The LF deal is Maersk’s biggest move so far to boost its inland logistics business which it hopes will eventually bring in half the group’s earnings. At the moment, around 80% of revenue comes from ocean operations.

Maersk is paying more than twice LF Logistics’s value of $1.4 billion in 2019 when Singapore’s Temasek Holdings Ltd. acquired nearly a 22% stake in the business.

Last month, cash-rich Maersk upped its airfreight game, buying German freight forwarder Senator International as well as expanding its air freighter fleet by five planes.

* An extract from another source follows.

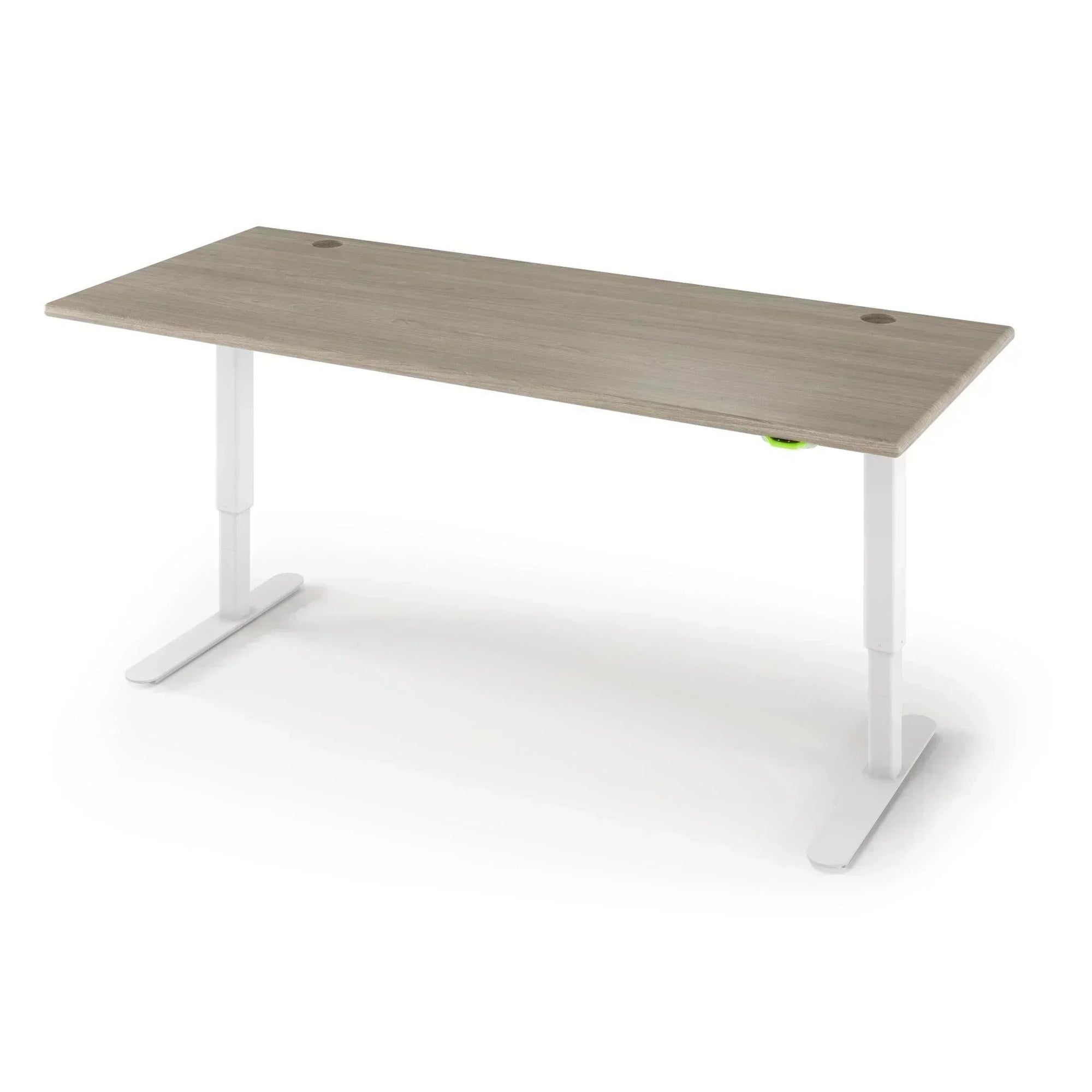 Jaxson Standing Desk in 3D Laminate 30x71-Swiss Elm-Single Stage (26.9" - 45.9") Range-Alabaster White-iMovR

“The Maersk deal will be the springboard for more carriers buying inland logistics and more consolidation in the logistics industry,” said Lars Jensen, chief executive of Denmark-based Vespucci Maritime. “The carriers made a lot of money during the pandemic, they have to park it somewhere and by investing in inland assets they believe they will create more resilient supply chains for their customers.”

Maersk’s top competitor, Geneva-based Mediterranean Shipping Co. on Monday made a $6.4 billion offer to buy the African logistics assets of French-based conglomerate

Bollore SE. If the deal goes through, it will give MSC control of 16 terminals in the Ivory Coast, Ghana, Nigeria and Gabon along with three rail concessions.

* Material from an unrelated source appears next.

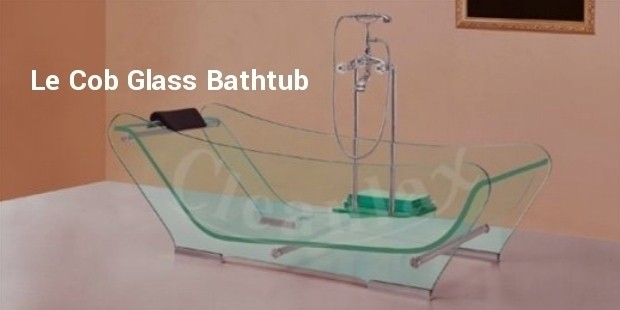 le cob glass bathtub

France’s CMA CGM SA, the world’s fourth-largest container ship operator, bought in 2019 Swiss-based freight services provider Ceva Logistics AG for $1.7 billion.

Maersk has around 70,000 ocean customers that include U.S. retail chains, car makers, furniture suppliers, electronics makers and clothing importers. But less than a quarter of those customers use the company to move their goods from ports to warehouses and distribution centers.

Maersk signed in early December a four-year contract with British-based consumer products giant Unilever PLC to manage ocean and airfreight transport.

Its last big acquisition was the 2017 purchase of Hamburg Süd for $4.2 billion, which consolidated its position as a leader in container shipping.